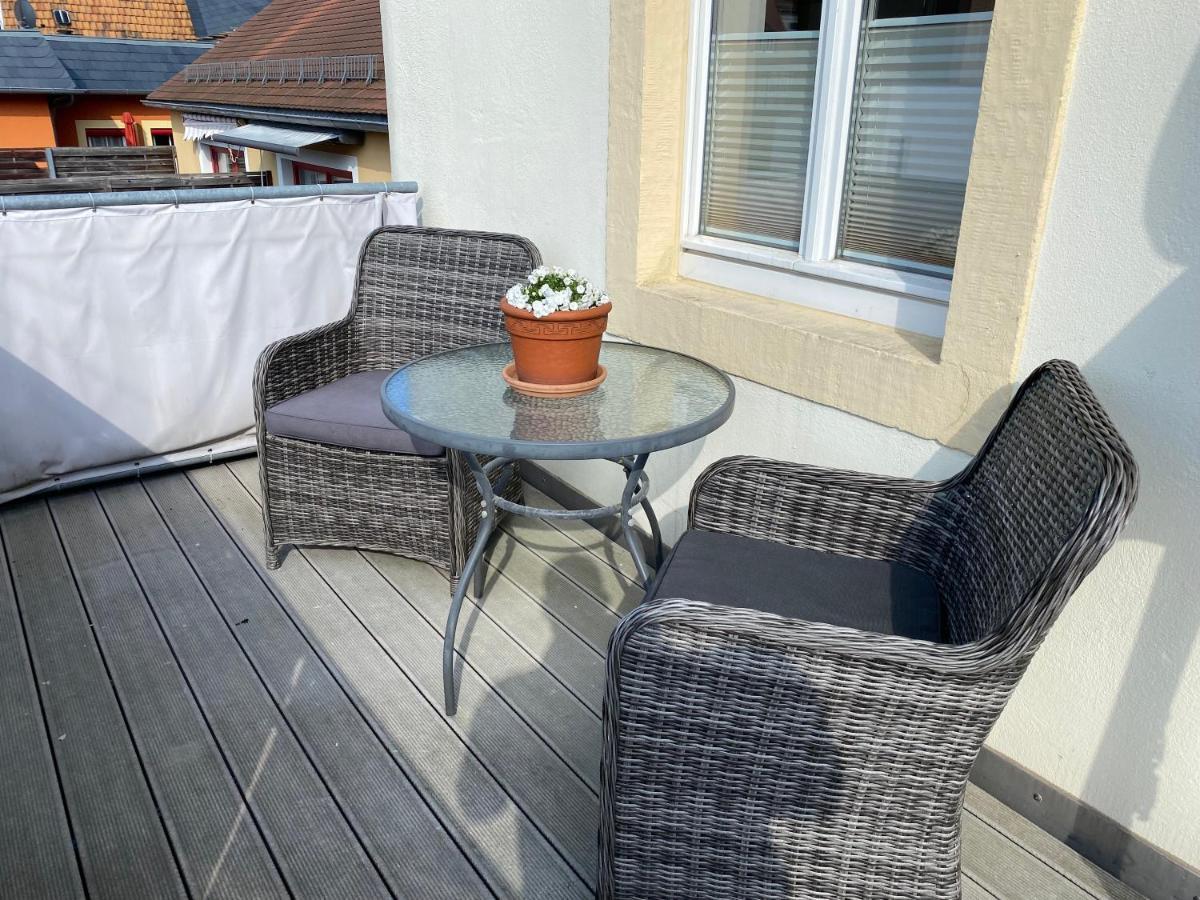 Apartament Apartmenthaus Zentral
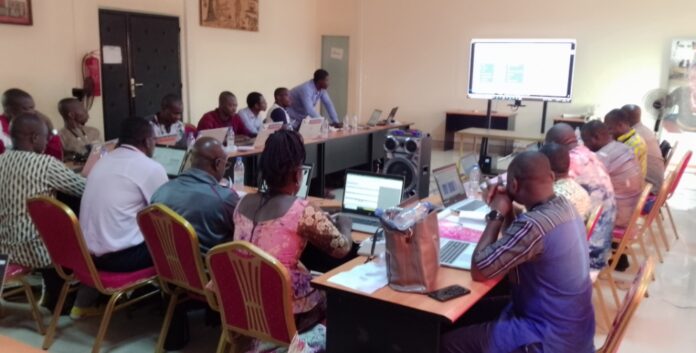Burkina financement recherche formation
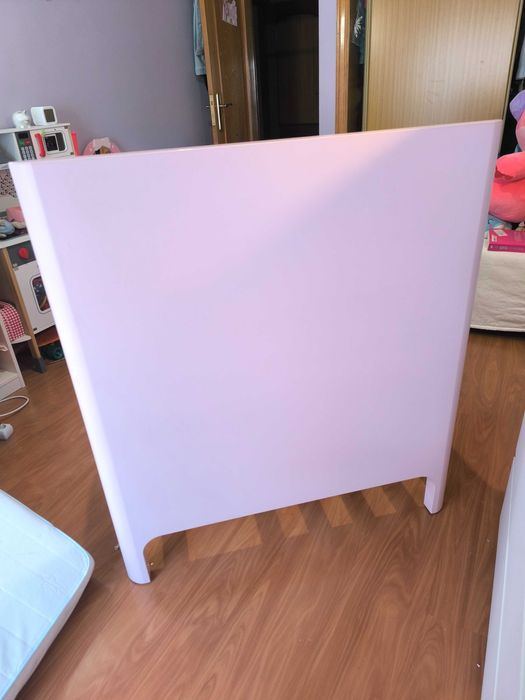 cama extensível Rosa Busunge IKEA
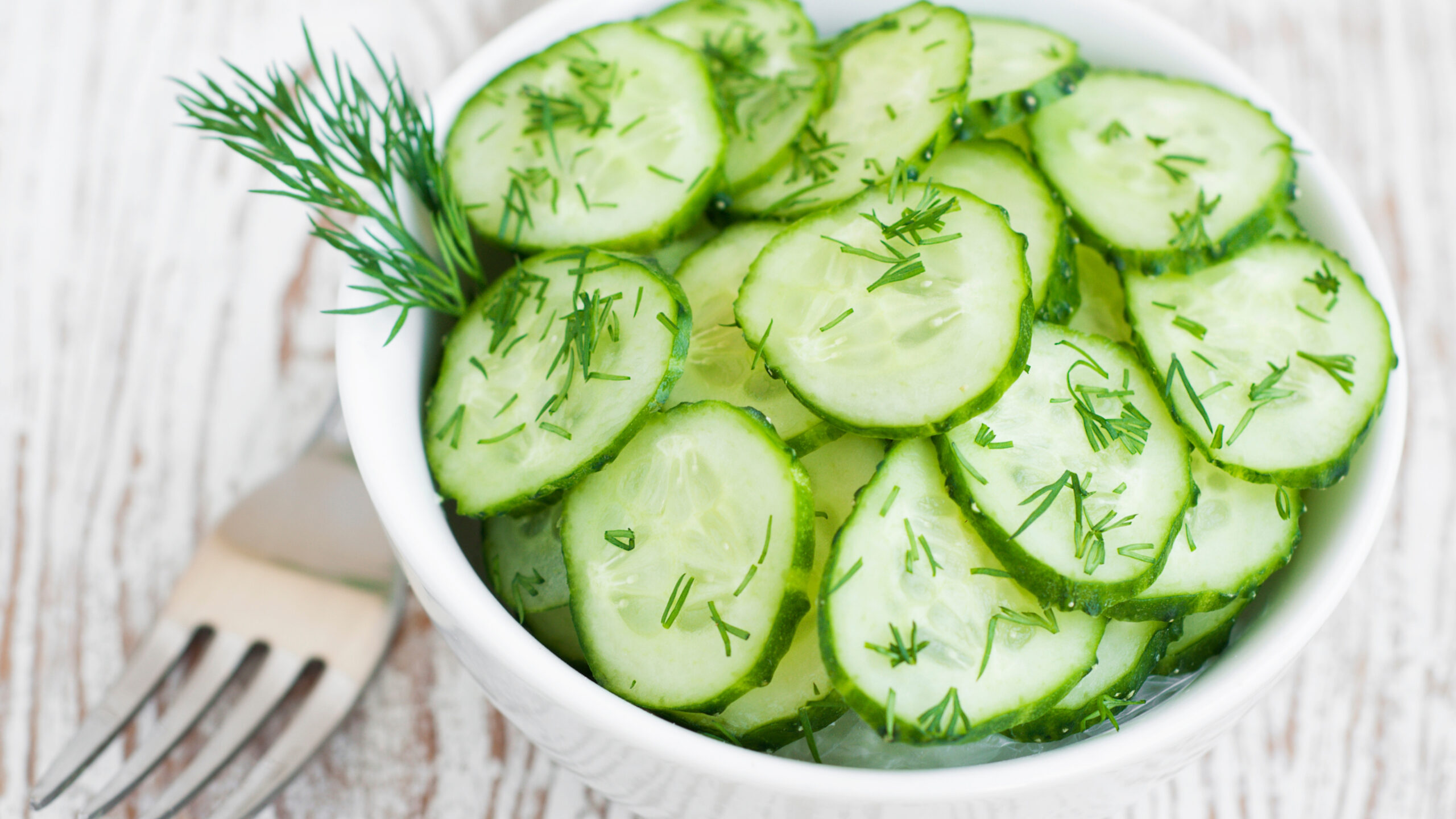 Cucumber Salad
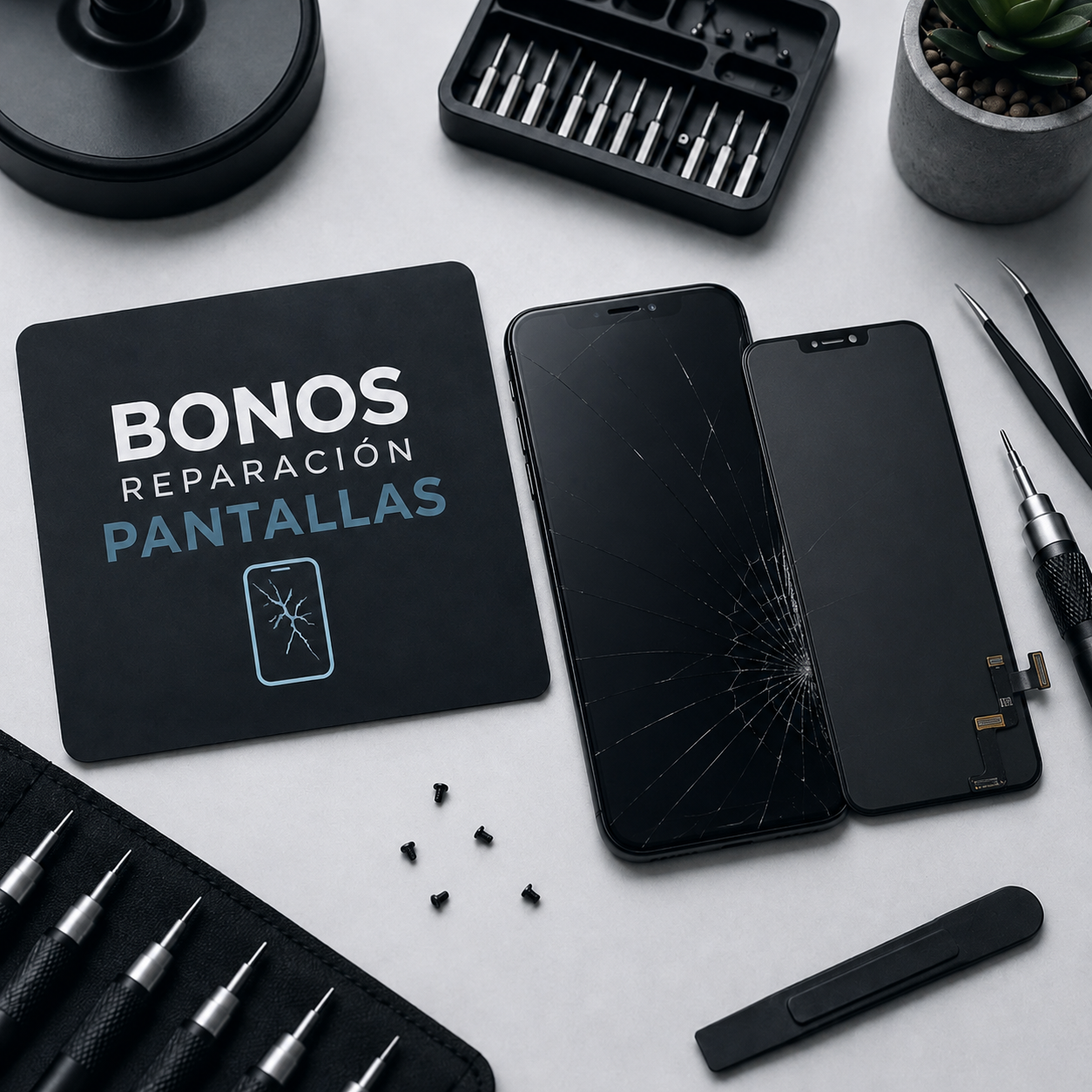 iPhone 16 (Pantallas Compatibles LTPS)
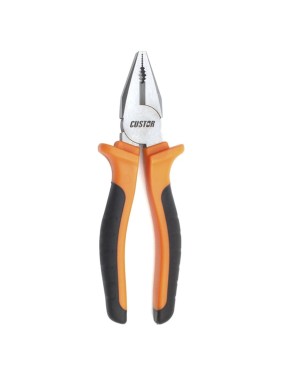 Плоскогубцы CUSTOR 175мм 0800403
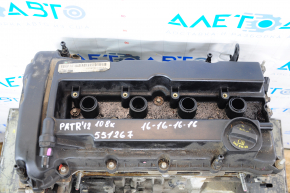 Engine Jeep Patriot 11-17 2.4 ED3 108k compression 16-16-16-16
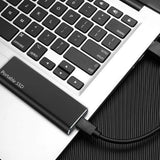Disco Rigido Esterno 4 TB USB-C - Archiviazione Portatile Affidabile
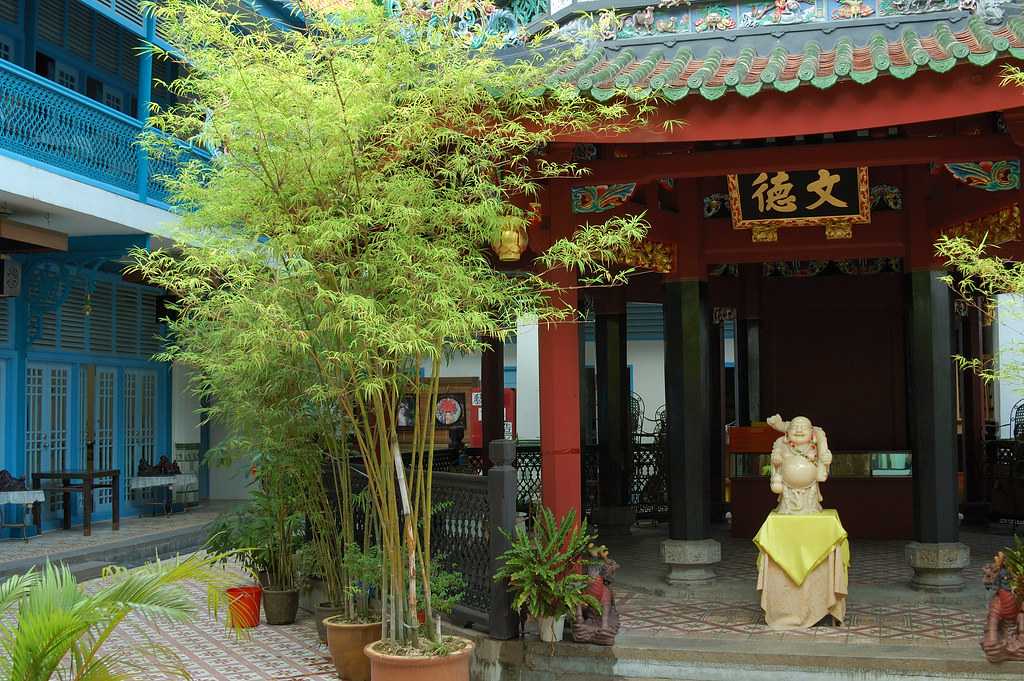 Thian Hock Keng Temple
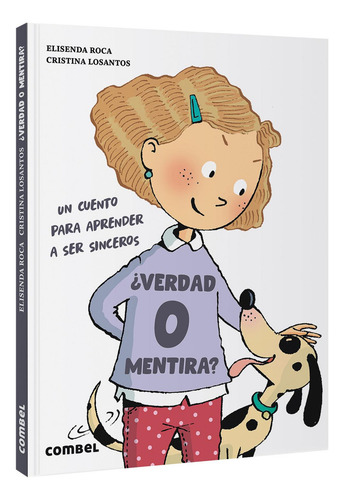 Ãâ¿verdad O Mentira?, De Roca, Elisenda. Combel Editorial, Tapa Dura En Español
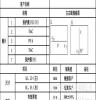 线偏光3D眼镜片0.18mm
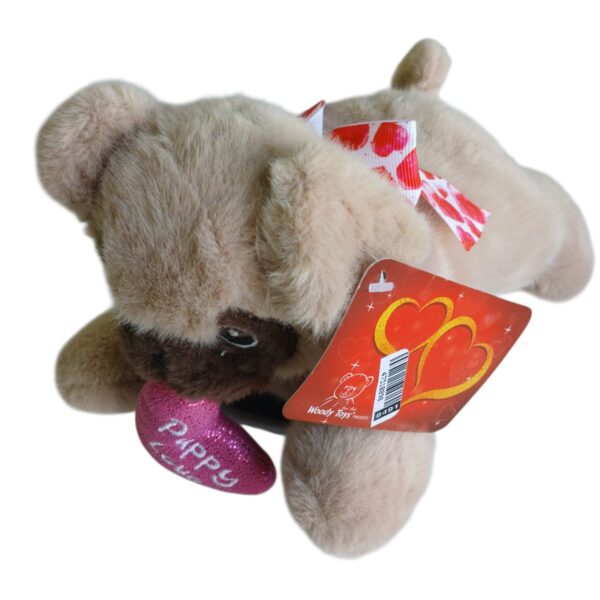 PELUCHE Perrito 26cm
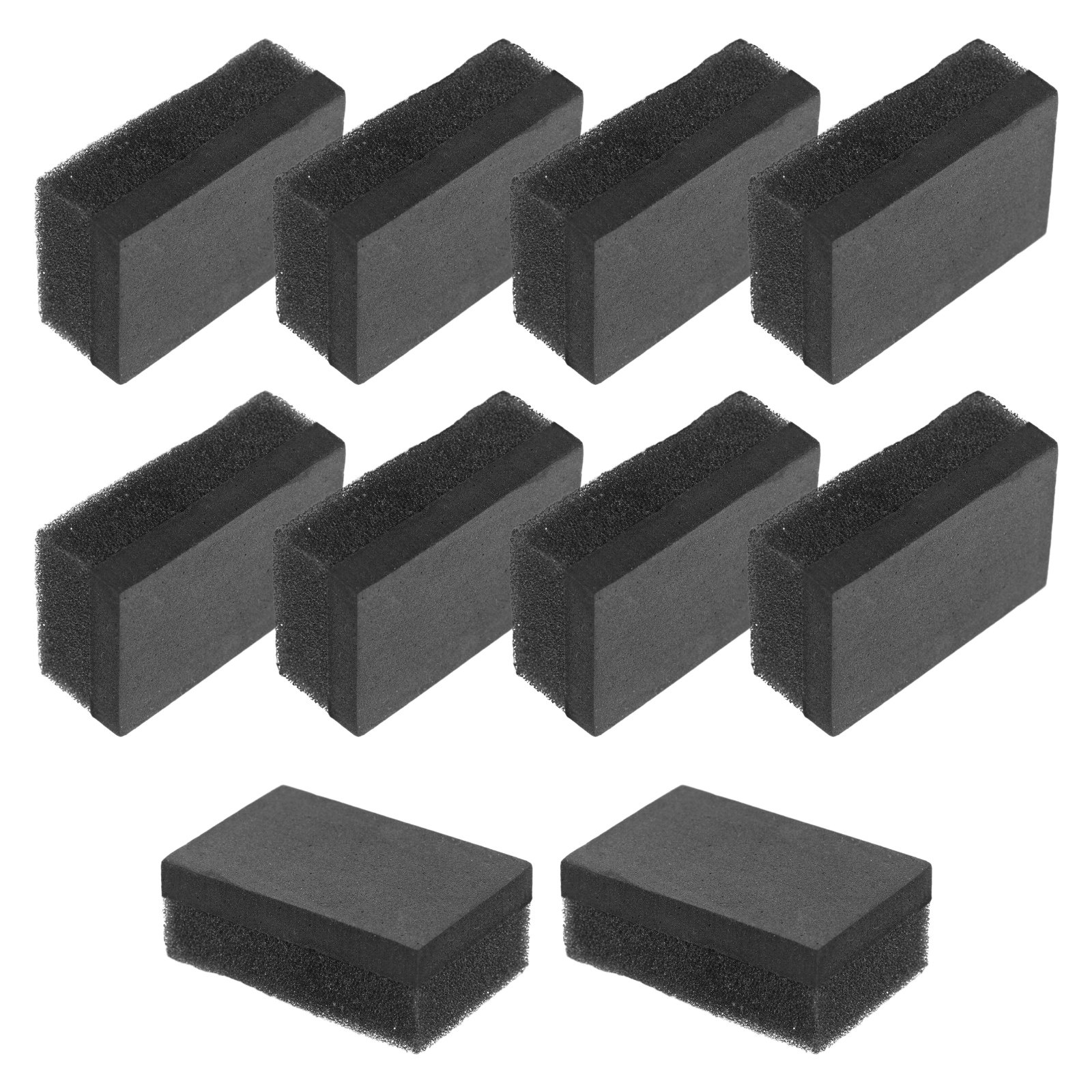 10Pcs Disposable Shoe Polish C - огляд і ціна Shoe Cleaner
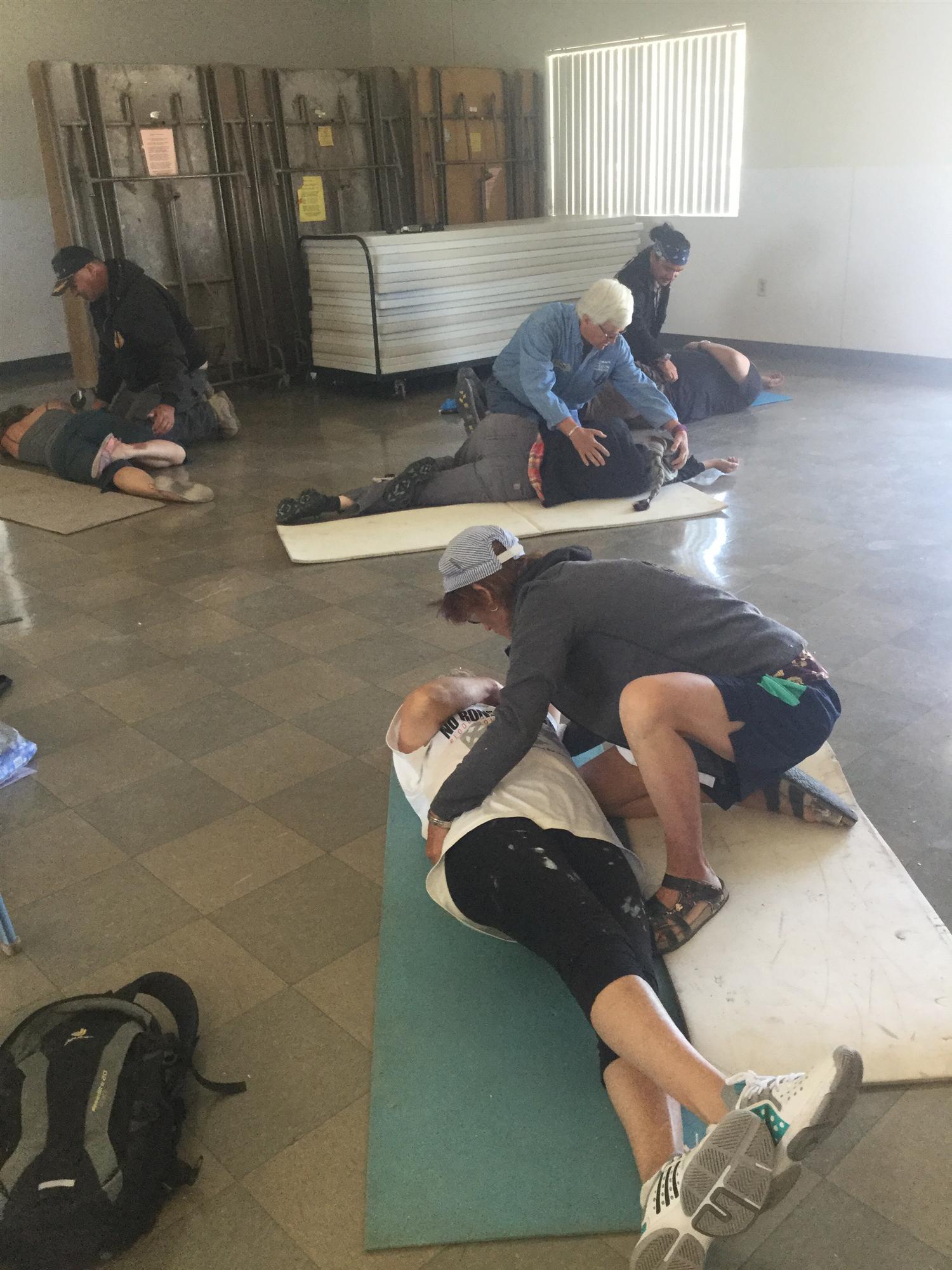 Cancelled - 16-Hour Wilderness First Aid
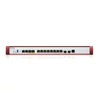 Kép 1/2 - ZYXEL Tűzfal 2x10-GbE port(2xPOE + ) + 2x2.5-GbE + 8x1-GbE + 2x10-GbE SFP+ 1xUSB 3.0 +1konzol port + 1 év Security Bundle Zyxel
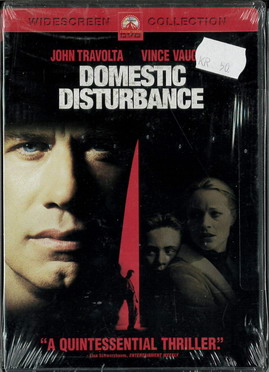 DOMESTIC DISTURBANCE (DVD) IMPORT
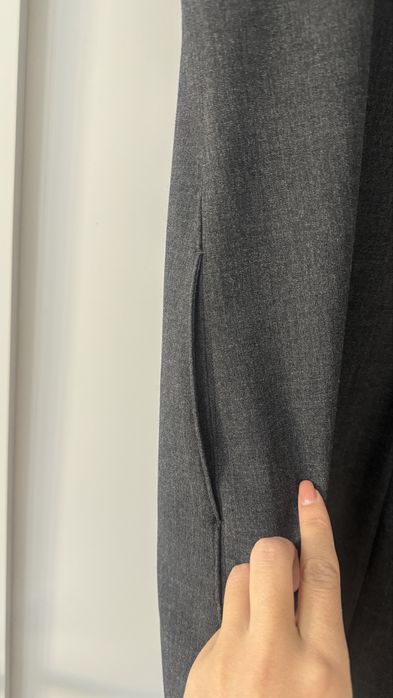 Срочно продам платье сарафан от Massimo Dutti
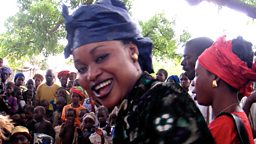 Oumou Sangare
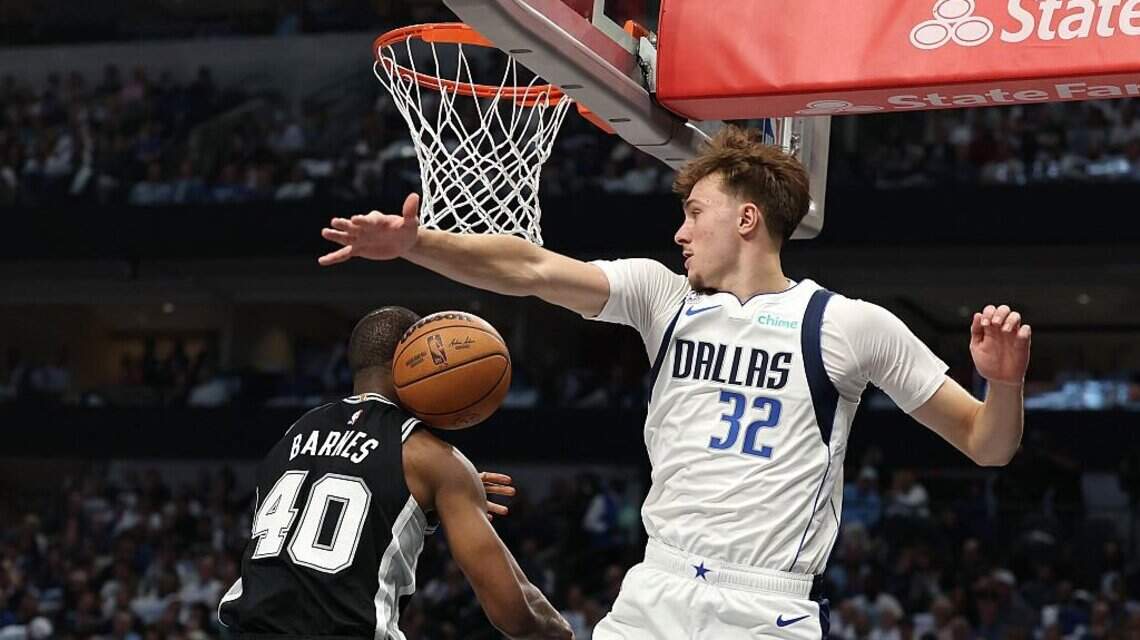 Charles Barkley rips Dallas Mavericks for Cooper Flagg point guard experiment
::::::::
## WHAT NEEDS TO BE DONE:
Your answer must be an exact copy of the lines above, from the line that contains "PELUCHE Perrito 26cm" through the final line, with no pictures in it.

## FINISHED TASK:
 PELUCHE Perrito 26cm
 10Pcs Disposable Shoe Polish C - огляд і ціна Shoe Cleaner
 Cancelled - 16-Hour Wilderness First Aid
 Kép 1/2 - ZYXEL Tűzfal 2x10-GbE port(2xPOE + ) + 2x2.5-GbE + 8x1-GbE + 2x10-GbE SFP+ 1xUSB 3.0 +1konzol port + 1 év Security Bundle Zyxel
 DOMESTIC DISTURBANCE (DVD) IMPORT
 Срочно продам платье сарафан от Massimo Dutti
 Oumou Sangare
 Charles Barkley rips Dallas Mavericks for Cooper Flagg point guard experiment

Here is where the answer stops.